CBO Rappels Down Fiscal Cliff, Gets Scared
Maybe Washington's paralysis is understandable.
A report by the nonpartisan Congressional Budget Office underscores the damned-if-you-do, damned-if-you-don't choice facing policymakers who must decide how to deal with a tsunami of tax increases and spending cuts -- also known as the fiscal cliff -- scheduled to crash down at the end of this year.
Here's the problem: A host of tax provisions lowering income and payroll taxes and limiting the reach of the Alternative Minimum Tax are set to expire.
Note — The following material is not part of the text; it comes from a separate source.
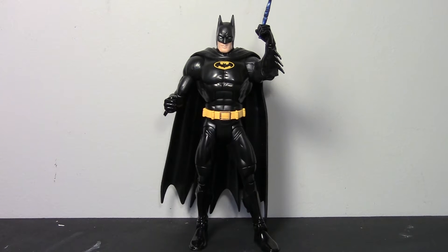He was originally released in wave 10, which was the Imperiax wave, in October 2009. In that wave he had a build-a-figure piece for Imperiax, but in this all-stars wave he does not have a build-a-figure piece.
At the same time, more than $65 billion in spending cuts required under the 2011 Budget Control Act are set to kick in.
In theory this is good news: CBO projects that allowing these policy changes to occur would reduce the federal deficit by $607 billion, or 4 percent of gross domestic product, between 2012 and 2013. The flip side is the combination of tax increases and spending cuts will do more than prompt palpitations in Keynesians, it will slow economic growth to the anemic level of just 0.5 percent. CBO projects the economy will contract at an annual rate of 1.3 percent in the first half of 2013 and 2.3 percent in the second half -- levels likely to be judged recessionary.
OK, you say, get those wily lawmakers to renew the tax cuts and boost spending. That would help -- for a little while. CBO estimates removing or offsetting the fiscal cliff would boost GDP growth by about 4.4 percent versus 0.5 percent.
But imposing no fiscal restraint would ultimately hurt the economy more than taking no action in the short run, since federal debt, which is already 70 percent of GDP, would rise much faster than economic growth. "Large budget deficits would reduce national saving, thereby curtailing investment in productive capital and diminishing future output and income. Interest payments on the debt would consume a growing share of the federal budget, eventually requiring either higher taxes or a reduction in government benefits and services."
Oh and all this irresponsibility would likely trigger a fiscal crisis, in which investors lose confidence in the U.S., sending borrowing costs skyrocketing.
So what's the answer? Allowing for bigger deficits in the short-term while imposing restraint down the road would give the economy breathing room and allow the U.S. to get itself on a sustainable fiscal path. One can only hope the threat of another recession is enough to shake off Washington's paralysis and usher in sensible policy choices that will protect the economy long after today's lawmakers have left town.